Interfaith Power and Light, a project of the NC Council of Churches, has been promoting church actions to curb energy use and waste since 2001. This year, they introduced a Lenten “Fast From Carbon” series to some of their member churches in Chapel Hill. The publication includes information on the impact of global warming on North Carolina, statements by faith communities and Bible excerpts related to creation care for each of the six weeks of Lent.

“This Lent, by fasting from carbon we can demonstrate discipline in our lives,” the packet reads, “as Christ demonstrated discipline in resisting the temptations presented in the wilderness.”

For Holy Trinity, the goal of reducing their carbon footprint is one that preceded and will likely outlast the Lenten season. The church’s rector, the Rev. Timothy Patterson, has made reducing the parish’s carbon footprint a goal of his tenure. That parish includes, in addition to the church, a day school, a music school and the Servant Leadership School.

And replacing light bulbs is only one part of a comprehensive plan, members said. Amelia Deaton, the church’s outreach coordinator, said the recycling initiative started with her daughter, who was working toward a gold award in the Girl Scouts.

Katelyn Deaton met with staff, church members and students at the day school to teach them how and what to recycle. The church did a recycling audit and relabeled its bins so members and staff would know more specifically what they could recycle. Holy Trinity has also replaced Styrofoam coffee cups with biodegradable ones and reusing ink cartridges instead of throwing them away. Church leaders are looking at replacing the cleaning products they currently use with more environmentally friendly products.

Amelia Deaton has been active with the church’s environmental stewardship committee and said the group has generated several ideas.

“There’s a million different ideas,” Deaton said. “But we can’t do them all at once. You have to do things in pieces. The light bulbs have been an easy piece.”

Future education sessions planned at Holy Trinity include a workshop on how to optimize automotive gas mileage. Deaton said members of the committee have suggested purchasing reusable grocery bags that could be used by any church member. Long-term goals include eventually replacing the current heating and air-condition system with a more energy efficient one.

Another one of the church’s goals is to include other faith communities. To that end, Holy Trinity partnered with the Unitarian Universalist Church of Greensboro to hold an interfaith seminar on environmental stewardship on Feb. 10. Speakers included NC Rep. Pricey Harrison; Dan Besse, a Winston-Salem alderman and candidate for lieutenant governor; John Wear, director of the Center for the Environment at Catawba College; and Peter Kauber of the Guilford Solar Communities Project. Attendees included members of both churches and representatives from Temple Emanuel.

“We would like to see this become about being part of a community-wide effort,” Deaton said, “so faith communities can get together and share resources.”

The environmental stewardship group will be following up the February meeting with a town meeting on March 25.

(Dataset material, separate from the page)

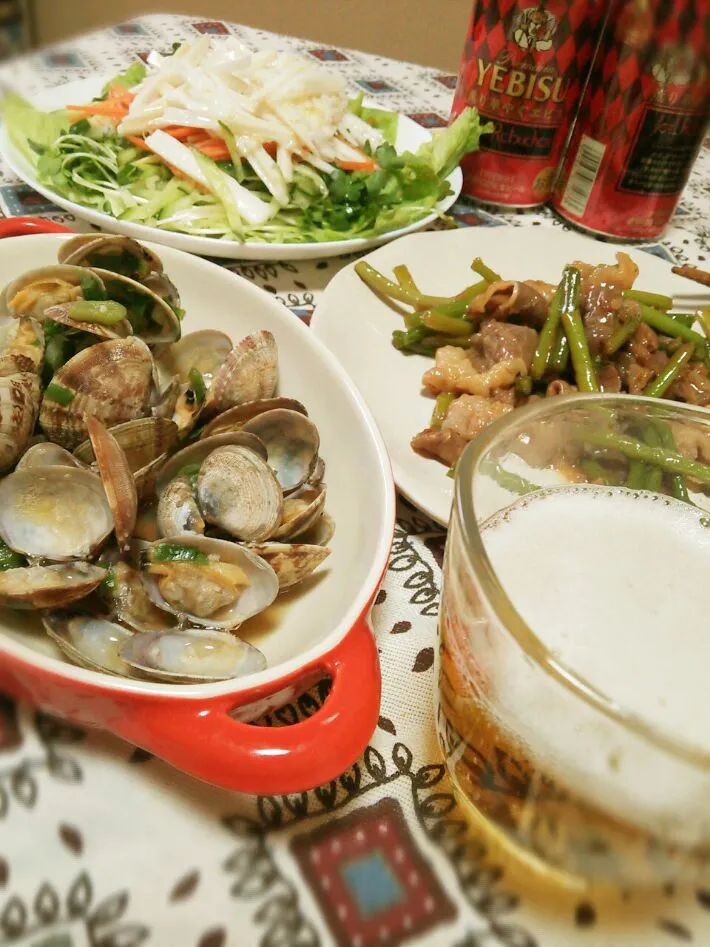 普段の食卓…浅利の酒蒸し、牛と大蒜芽炒め、山芋サラダ|トミーサクさん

So far members of Holy trinity have largely supported initiatives to make their place of worship more environmentally friendly. Hoekstra said one churchgoer complained about the aesthetics of the new, energy-saving lighting scheme, but he is working to make sure the most energy-efficient lighting choice will also please the eye.

“I found some fancy light bulbs,” Hoekstra said. “I’m putting those in the places that are most in the public eye.”